Orhan Pamuk’a Söylemeyin Kars’ta Çektiğim Filmde Kar Romanı da Var
Oyuncu olarak yıllardır etkileyici performanslara imza atan
Rıza Sönmez ilk kez kaşımıza yönetmen olarak çıkıyor. Üstelik ismiyle oldukça
şahsına münhasır bir filmle… Böyle bir film ismini görüp de ne anlattığını,
nasıl bir seyre bizleri davet ettiğini zaten merak etmemek imkânsız. Bir de
gösterildiği festivallerde yarattığı etkinin fazlasıyla olumlu olduğunu
biliyorsak, geriye pek de düşünmeden filmi izlemek kalıyor sanırım.

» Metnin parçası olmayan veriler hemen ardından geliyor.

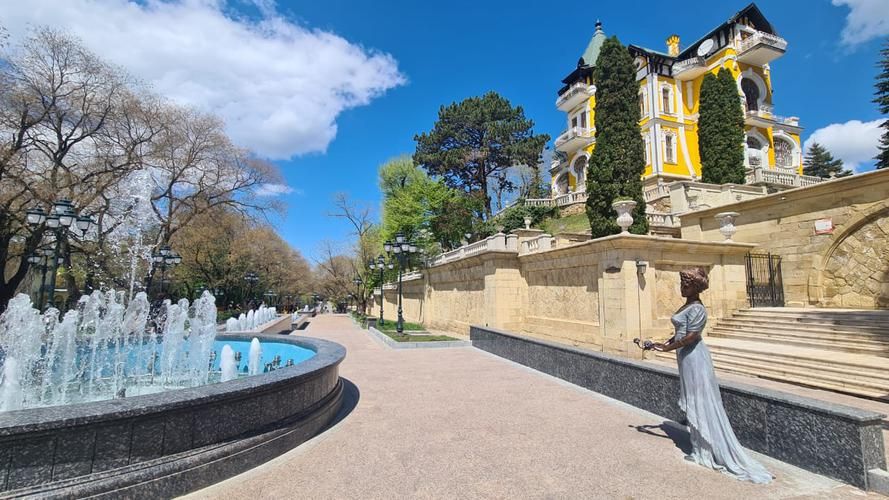 Это Кавказ — горы, дух, огонь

Kars’ta geçen hikâyenin, müzisyenler, fotoğraflar, esnaflar,
çıraklar ve daha neler neler barındırdığı ile ilgili ne söylesek boş. Bu farklı
deneyimi izlemek gerek.
Taş
Orhan Eskiköy, Zeynel Doğan ile başladığı sinema yolculuğunu
Taş ile yalnız başına devam ettiriyor. İki Dil Bir Bavul ve Babamın Sesi gibi
çok başarılı bir belgeselde ve uzun metrajda imzası bulunan Eskiköy’ün
beklentileri boşa çıkarmayacağına şüphe duymamak gerek. Yani en azından ben
duymuyorum.
Bir yandan birilerinden kaçanlar diğer yanda
kaybettiklerinin yerine başkalarını koymak isteyenler, kendi yarattığı hikâyeye
inanıp da kaptıranlar… Ve daha niceleri kim bilir Taş’ta bizleri bekliyor.
Toprak
Türkiye’de belgesel denilince kuşkusuz ilk akla gelen
isimlerden biri olan Nebil Özgentürk, yine bizleri ülkemizin acısı hiç dinmeyen
bir yarasına ortak ediyor. 1924 yılında mübadelede zorunlu göçün mağduru olan
iki karakter üzerinden özlem ve bir yere olan bağlılığı sorguluyor.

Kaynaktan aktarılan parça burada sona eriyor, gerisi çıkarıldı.